SW England Seasonal Forecast November 2015 to May 2016 – 18 Oct 2015.
This attempt at a Regional Forecast for SW England is based on long range experimental forecasts from November through to Spring 2016 and has been prepared using data up to 16 October 2015. The summary forecast aims to test if any usable forecast can be made.
The forecast should not be used for any other purpose.
A comment about October. The onset of a very unsettled period looks like being in the latter third of the month rather than around mid month which was signalled in some earlier UK forecast summaries.
190915 – looking at 30 day model runs it seems possible that the wetter than normal period might start mid to late October. http://www.weather-info.co.uk/wxsvc/seasSEP2015.html
170815 – fair agreement for move to wetter period in second half of this 3 month periods (SON) and for temps to recover a little especially in E and S though still with the risk of below normal values (especially N and W) due to cold Atlantic Sea temps. http://www.weather-info.co.uk/wxsvc/seasAUG2015.html
A brief verification summary is routinely published http://www.weather-info.co.uk/wxsvc/Verification.html
Changes to Atlantic Sea Temperature.
The mid North Atlantic Sea Temperatures remain below normal but as can be seen from the above sequence there is a hint that the temperatures slightly less so. Model forecasts however keep an area of below normal temperatures for the winter season and into Spring 2016 which may continue to impact on the UK temperatures. On the left image the El Nino warm across the E Pacific can be clearly seen.

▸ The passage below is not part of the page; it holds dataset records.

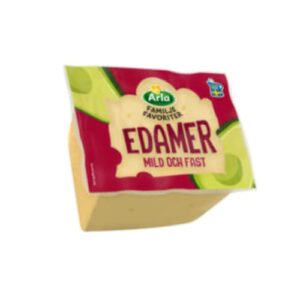 جبنة Edamer Familjefavoriter 23% Arla ca: 1.2kg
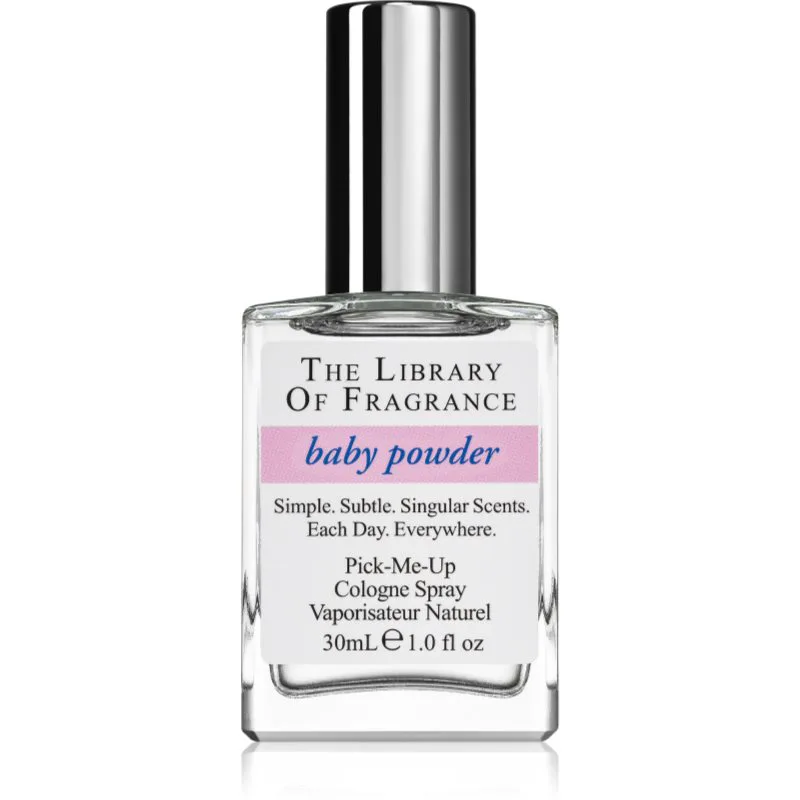The Library of Fragrance Baby Powder κολόνια unisex 30 ml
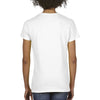 Comfort Colors Women's White Midweight RS V-Neck T-Shirt
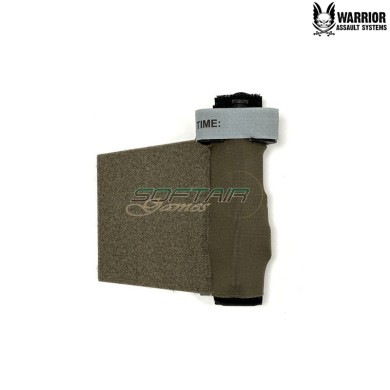 Universal Tourniquet Holder Wing Velcro Laser Cut RANGER GREEN Warrior Assault Systems (W-LC-WV-UTH-RG)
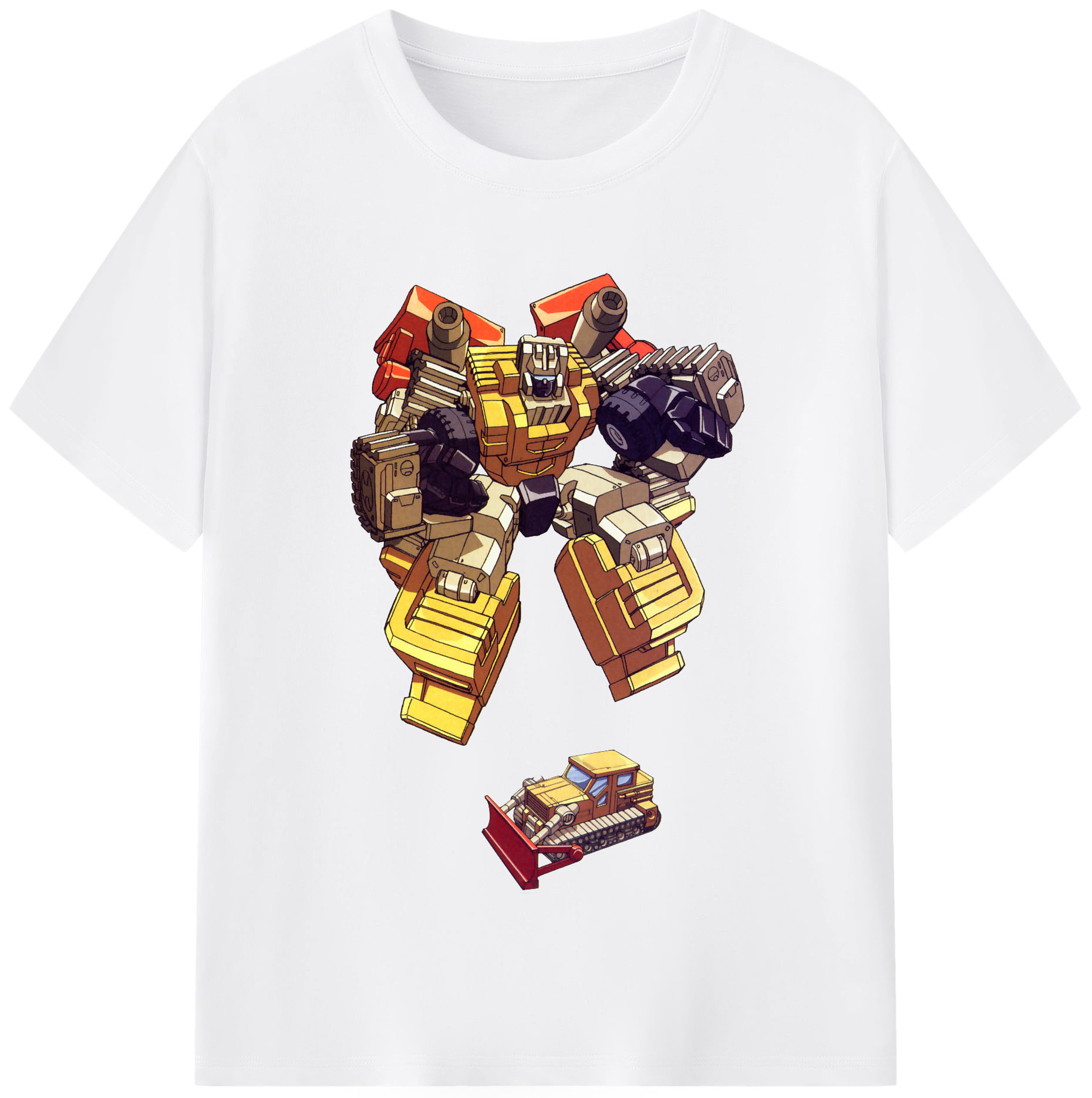 （画像用）  綿100％半袖Tシャツ（フロントプリント）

The strong El Nino is forecast to remain well into 2016.
The statistical impact of a strong El Nino on the UK weather is disputed/unclear, however, the IRI study of El Nino impact on rainfall is included below for comparison.
IRI Spring (MAM) precipitation probabilities for drier, wetter and normal during an El Nino event.
Experimental forecast for SW England.
There is a consistent indication for a very unsettled month with winter depressions bringing above normal rainfall, perhaps very wet conditions, accompanied by windy periods. Temperatures are on average likely to be near normal perhaps with milder than normal nights. (1981-2010 averages; Rainfall below 100mm for parts of SE Devon and low lying Somerset, 100-150mm for many other areas but much higher totals over the hills and moors. Temperature mean typically 7 or 8 C but a little higher over S and W facing coastal areas and 5 or 6 C over higher ground).
Winter 2015/16 (Dec Jan Feb):
Probably a “typical winter” for SW England plenty of rain and not much snow. No significant indication for an unusually cold winter.
Perhaps less frequent low pressures crossing Atlantic towards UK from around the middle period of January compared to the very unsettled start of winter, although low pressure types are more likely to continue predominate than high pressure. Temperature mean probably near or a little above normal in December and parts of January, though still with a risk of slightly lower than average values in western areas at least by day. Temperatures in the remainder of January and for February near normal rather than above but may turn colder than normal late in February. (Typical winter average 1981-2010 values for lowland areas 7°C in the West and 5°C in the East).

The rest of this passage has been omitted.